RECORDS FOR THE EXERCISE ->

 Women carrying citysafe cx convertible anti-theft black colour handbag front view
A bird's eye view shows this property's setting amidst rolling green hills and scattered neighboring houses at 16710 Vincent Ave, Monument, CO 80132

---

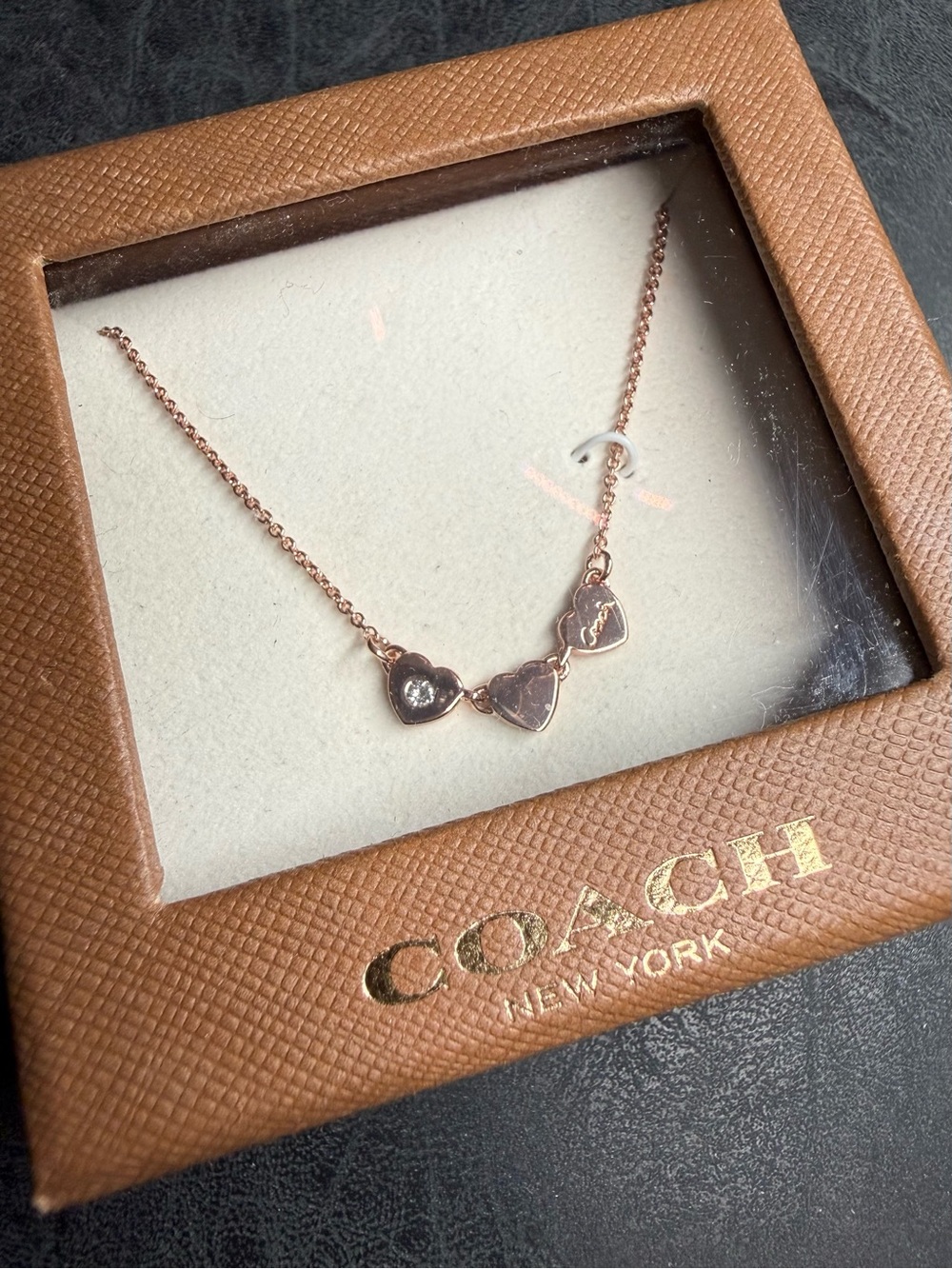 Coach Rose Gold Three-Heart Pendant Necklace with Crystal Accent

* * *

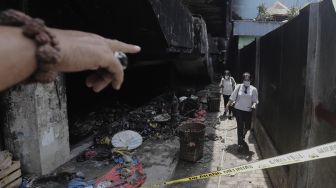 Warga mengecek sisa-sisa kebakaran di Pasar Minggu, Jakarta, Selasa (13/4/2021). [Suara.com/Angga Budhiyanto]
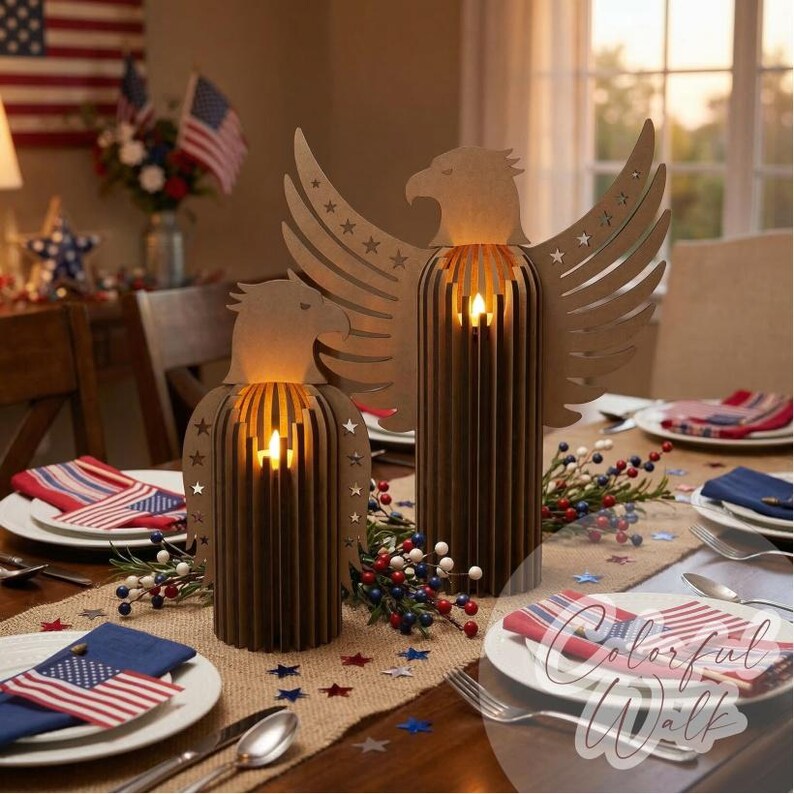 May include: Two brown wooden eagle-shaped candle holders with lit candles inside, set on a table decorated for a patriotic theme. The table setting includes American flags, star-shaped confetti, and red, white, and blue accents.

ASSIGNMENT -> Reproduce exactly the entries above, limited to the lines from the one with "Women carrying citysafe" through the one with "A bird's eye", both included.

RESPONSE BELOW ->
 Women carrying citysafe cx convertible anti-theft black colour handbag front view
A bird's eye view shows this property's setting amidst rolling green hills and scattered neighboring houses at 16710 Vincent Ave, Monument, CO 80132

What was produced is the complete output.